## Exercise objective
Give again, word for word, the lines below that run from the line with "In VMware there" through the line with "Hi, this is". Drop the pictures.

## Record excerpts
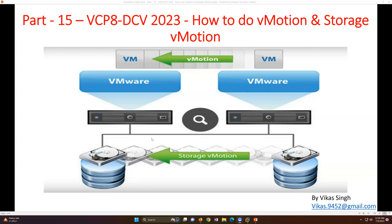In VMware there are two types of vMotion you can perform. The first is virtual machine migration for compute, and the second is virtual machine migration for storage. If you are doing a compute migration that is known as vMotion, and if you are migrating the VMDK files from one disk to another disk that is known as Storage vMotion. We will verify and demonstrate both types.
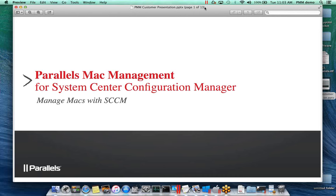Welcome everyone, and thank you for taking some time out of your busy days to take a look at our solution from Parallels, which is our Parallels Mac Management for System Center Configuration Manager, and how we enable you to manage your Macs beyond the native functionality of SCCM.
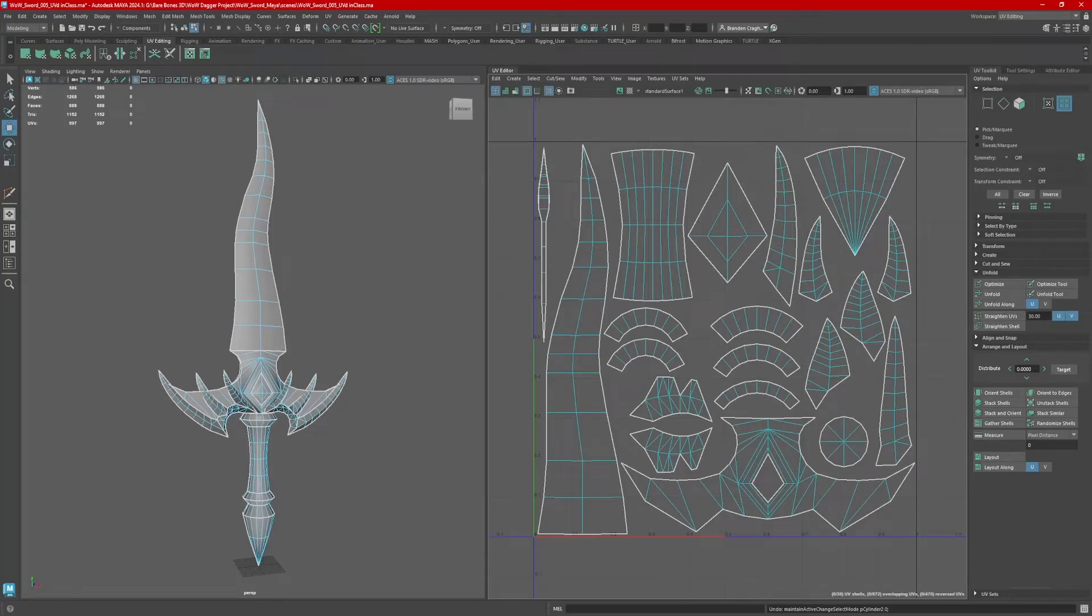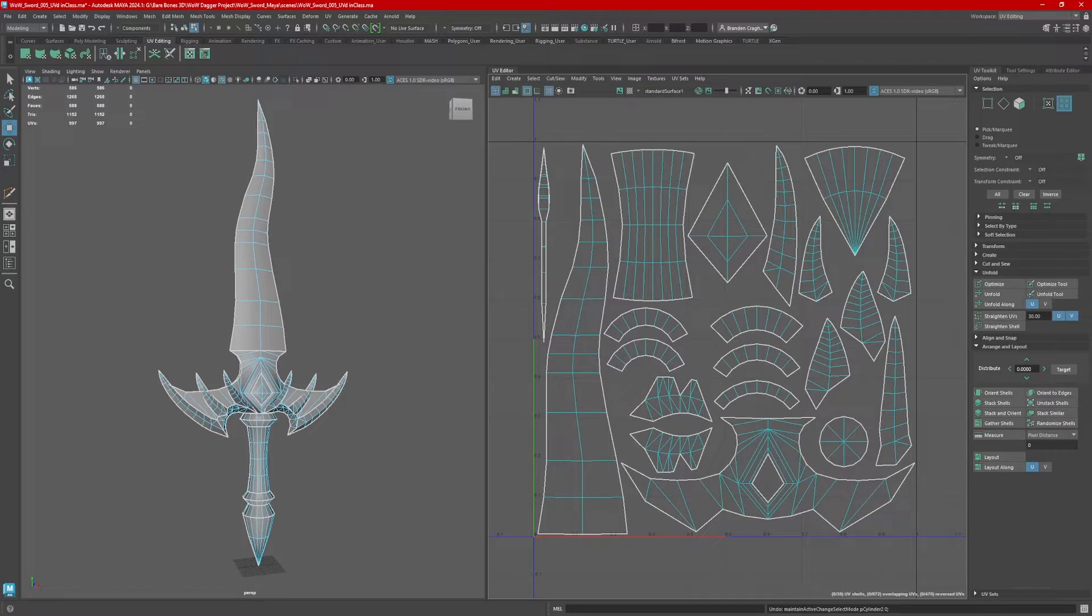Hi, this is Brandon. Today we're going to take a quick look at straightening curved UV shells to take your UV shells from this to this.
* * *
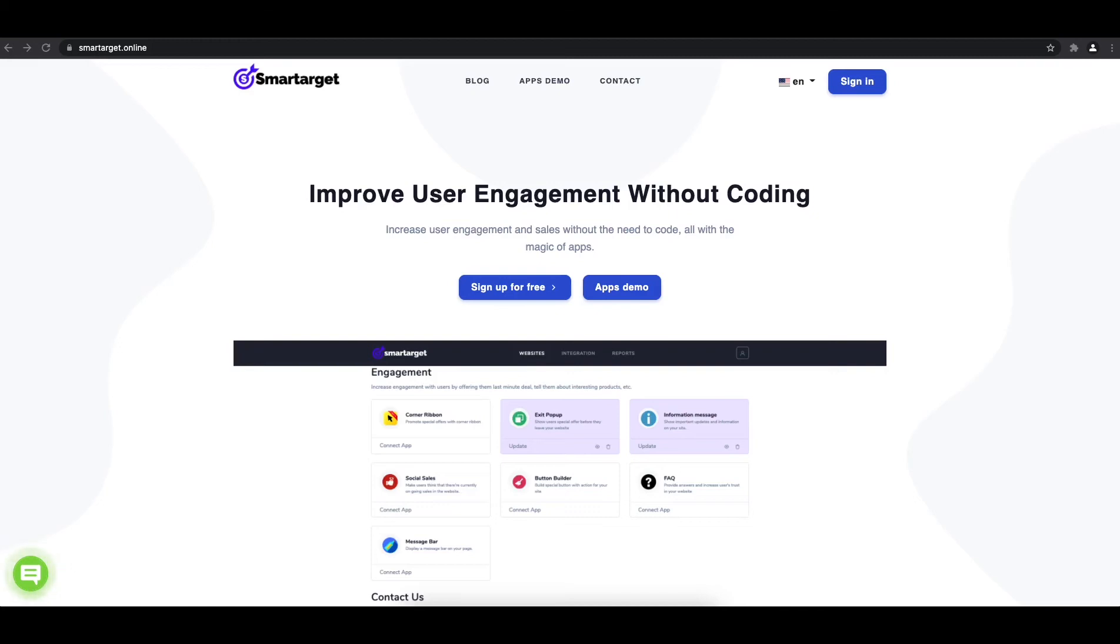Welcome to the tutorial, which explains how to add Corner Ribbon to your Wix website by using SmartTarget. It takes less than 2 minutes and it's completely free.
---
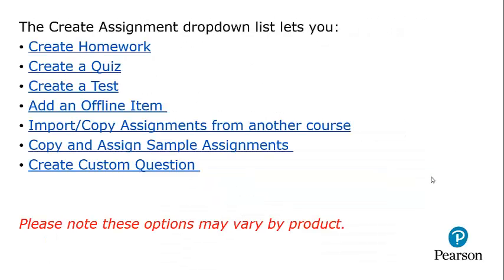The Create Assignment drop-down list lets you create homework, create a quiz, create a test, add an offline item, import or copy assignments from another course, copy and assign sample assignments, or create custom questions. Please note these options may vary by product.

## Your response
In VMware there are two types of vMotion you can perform. The first is virtual machine migration for compute, and the second is virtual machine migration for storage. If you are doing a compute migration that is known as vMotion, and if you are migrating the VMDK files from one disk to another disk that is known as Storage vMotion. We will verify and demonstrate both types.
Welcome everyone, and thank you for taking some time out of your busy days to take a look at our solution from Parallels, which is our Parallels Mac Management for System Center Configuration Manager, and how we enable you to manage your Macs beyond the native functionality of SCCM.
Hi, this is Brandon. Today we're going to take a quick look at straightening curved UV shells to take your UV shells from this to this.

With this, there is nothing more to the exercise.